START Given records

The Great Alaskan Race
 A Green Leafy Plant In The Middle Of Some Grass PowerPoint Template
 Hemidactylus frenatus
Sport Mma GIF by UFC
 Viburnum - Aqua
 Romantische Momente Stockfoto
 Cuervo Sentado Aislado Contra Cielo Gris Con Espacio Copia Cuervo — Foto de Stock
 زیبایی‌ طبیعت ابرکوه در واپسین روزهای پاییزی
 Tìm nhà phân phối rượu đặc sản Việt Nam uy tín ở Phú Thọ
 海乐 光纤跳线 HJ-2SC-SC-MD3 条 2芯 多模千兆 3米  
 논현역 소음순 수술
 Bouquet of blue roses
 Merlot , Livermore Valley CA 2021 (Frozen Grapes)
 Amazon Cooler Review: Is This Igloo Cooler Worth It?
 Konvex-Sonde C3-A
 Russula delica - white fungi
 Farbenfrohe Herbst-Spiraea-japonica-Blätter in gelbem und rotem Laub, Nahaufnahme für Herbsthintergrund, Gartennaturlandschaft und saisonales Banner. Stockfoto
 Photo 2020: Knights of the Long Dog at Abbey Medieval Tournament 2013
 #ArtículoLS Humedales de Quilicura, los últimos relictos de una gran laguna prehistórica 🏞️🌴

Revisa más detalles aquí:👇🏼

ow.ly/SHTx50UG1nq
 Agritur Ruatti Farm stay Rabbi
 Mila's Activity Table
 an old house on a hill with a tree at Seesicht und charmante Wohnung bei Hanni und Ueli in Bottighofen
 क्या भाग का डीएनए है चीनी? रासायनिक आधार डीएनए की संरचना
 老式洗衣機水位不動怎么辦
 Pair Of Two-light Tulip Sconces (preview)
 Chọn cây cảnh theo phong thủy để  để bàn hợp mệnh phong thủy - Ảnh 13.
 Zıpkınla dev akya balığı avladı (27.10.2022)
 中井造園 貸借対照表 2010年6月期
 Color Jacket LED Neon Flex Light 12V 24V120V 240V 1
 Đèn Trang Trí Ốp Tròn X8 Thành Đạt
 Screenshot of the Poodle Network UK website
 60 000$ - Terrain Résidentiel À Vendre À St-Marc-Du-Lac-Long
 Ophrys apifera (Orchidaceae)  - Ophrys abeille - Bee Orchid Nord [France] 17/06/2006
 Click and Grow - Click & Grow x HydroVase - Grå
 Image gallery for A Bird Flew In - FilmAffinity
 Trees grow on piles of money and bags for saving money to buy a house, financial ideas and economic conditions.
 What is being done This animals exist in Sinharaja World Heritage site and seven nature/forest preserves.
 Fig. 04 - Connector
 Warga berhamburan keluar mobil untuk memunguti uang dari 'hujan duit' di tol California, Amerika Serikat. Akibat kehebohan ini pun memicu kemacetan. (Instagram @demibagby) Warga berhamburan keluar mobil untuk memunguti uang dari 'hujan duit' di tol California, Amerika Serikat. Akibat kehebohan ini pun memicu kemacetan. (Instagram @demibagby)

END Given records

Task directions →
Reproduce only this range: the first line of the data above through the line with "Bouquet of blue roses", both included, exactly as written.

Answer to this problem →
The Great Alaskan Race
 A Green Leafy Plant In The Middle Of Some Grass PowerPoint Template
 Hemidactylus frenatus
Sport Mma GIF by UFC
 Viburnum - Aqua
 Romantische Momente Stockfoto
 Cuervo Sentado Aislado Contra Cielo Gris Con Espacio Copia Cuervo — Foto de Stock
 زیبایی‌ طبیعت ابرکوه در واپسین روزهای پاییزی
 Tìm nhà phân phối rượu đặc sản Việt Nam uy tín ở Phú Thọ
 海乐 光纤跳线 HJ-2SC-SC-MD3 条 2芯 多模千兆 3米  
 논현역 소음순 수술
 Bouquet of blue roses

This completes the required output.